===== RECORDS FOR THE TASK =====
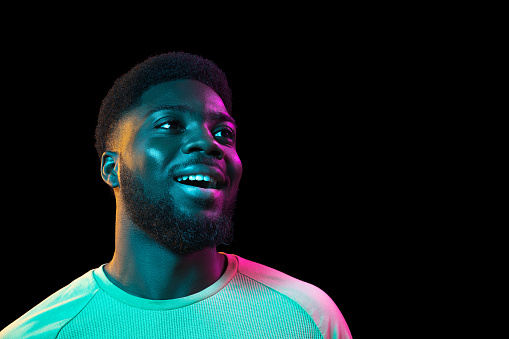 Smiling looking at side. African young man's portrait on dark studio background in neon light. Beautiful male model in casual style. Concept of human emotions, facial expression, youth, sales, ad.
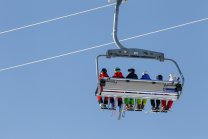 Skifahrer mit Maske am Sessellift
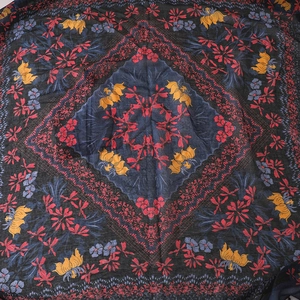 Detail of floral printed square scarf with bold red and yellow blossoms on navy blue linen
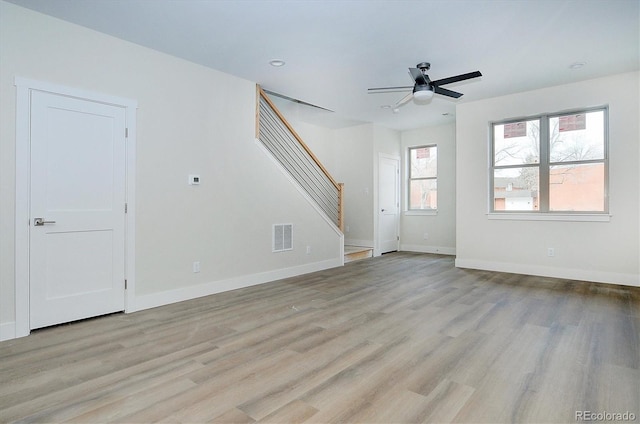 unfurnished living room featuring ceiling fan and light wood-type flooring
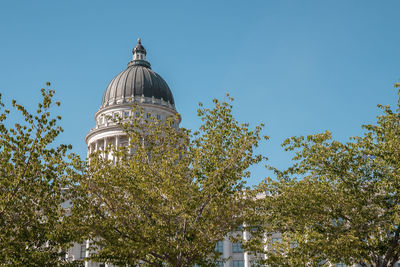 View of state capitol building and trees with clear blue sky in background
=====
WHAT IS NEEDED → Write every record out again exactly; no pictures belong in the copy.

RESPONSE TO THE EXERCISE →
 Smiling looking at side. African young man's portrait on dark studio background in neon light. Beautiful male model in casual style. Concept of human emotions, facial expression, youth, sales, ad.
 Skifahrer mit Maske am Sessellift
 Detail of floral printed square scarf with bold red and yellow blossoms on navy blue linen
 unfurnished living room featuring ceiling fan and light wood-type flooring
 View of state capitol building and trees with clear blue sky in background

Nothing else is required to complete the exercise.